Changement d’heure ? Changement d’heur, oui. Tous les six mois et plus particulièrement, tous les ans, au moment de passer à l’heure d’été, je n’aime pas ça du tout et je me dis que c’est pure folie hypocrite. Alors, ce matin, je me suis levé non pas de mauvaise humeur mais pas de bonne humeur du tout, non plus. Je me suis levé comme si je n’étais rien qu’une espèce de condamné à mort à qui on venait d’apprendre qu’il était gracié à la dernière minute.

Je n’en suis pas vraiment revenu et comme, après une telle nuit, mes neurones n’en ont fait qu’à leur tête, plutôt mal an que bon an, je n’avais envie de rien que celle de revenir en arrière, de revenir à l’heure d’hiver, à cette heure qu’on passe facilement chez soi, recroquevillé sur le canapé, bien au chaud pendant que dehors, les intempéries périssent le monde. Et pendant que seuls les inconscients traînent dans les rues comme si ça avait la moindre once d’intérêt.

Et ce que j’aimais bien, avant, jadis et naguère, pendant l’heure d’hiver, c’était de me vautrer dans des livres qui parlent des beaux jours, des étés certainement futurs mais encore incertains et tellement lointains. Je viens de finir celui de Véronique Olmi, « Cet été-là » dont j’ai retenu : « Je préfère le voir comme il a choisi que je le voie. S’il veut me cacher des choses parce que ça lui fait du bien, c’est son droit. Je ne suis pas pour la dictature de la vérité. On a le droit de créer sa propre légende. »

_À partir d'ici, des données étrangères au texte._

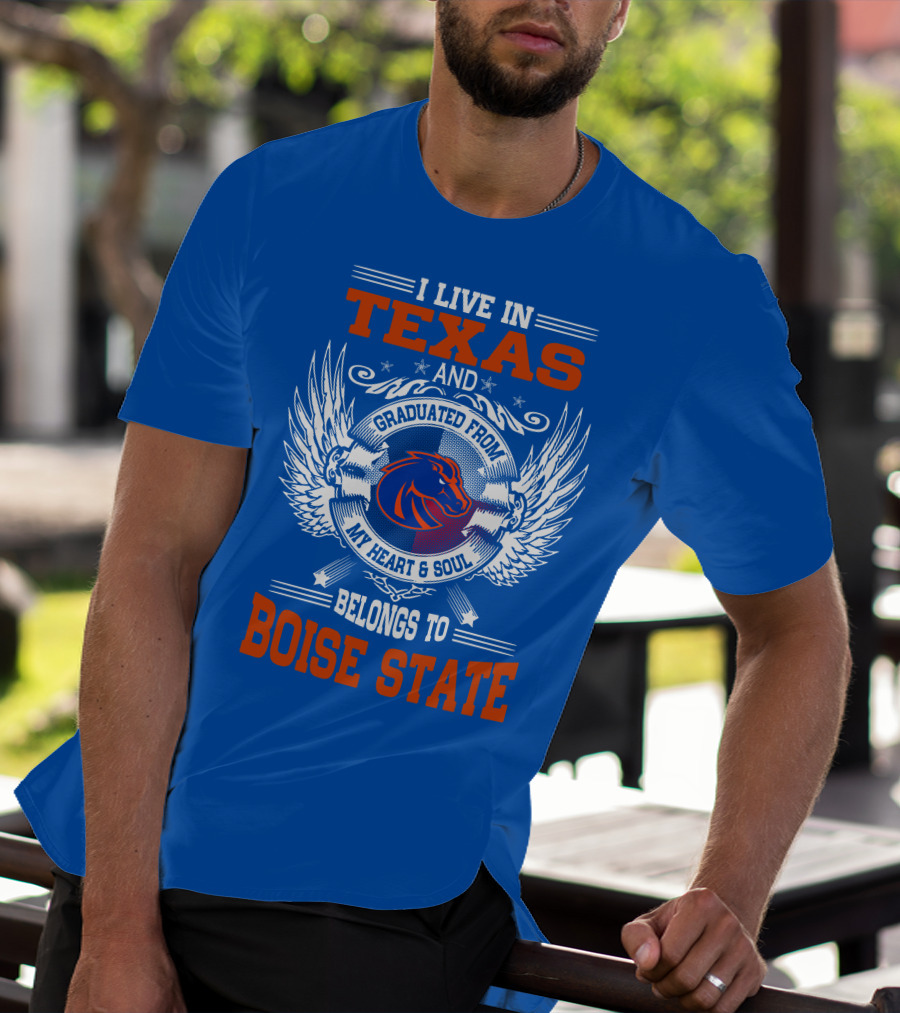 I Live In Texas And Graduated From My Heart And Soul Belongs To Boise State T-Shirt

Voilà, chaque montre, chaque pendule, chaque horloge, chaque appareil avec l’heure intégrée et chaque mécanisme du temps a été remis à sa place. Celle qui lui était due de façon obligatoire pour ne pas dire autoritaire voire monocratique. Je n’ai pas eu le choix que d’obéir. Pas même la possibilité d’un libre-arbitre que je souhaitais revendiquer. À quoi bon ? Ce n’était ni le moment, ni l’heure. Tout ça pour qu’on se retrouve à l’heure d’été avec un temps d’automne pour ne pas dire d’hiver.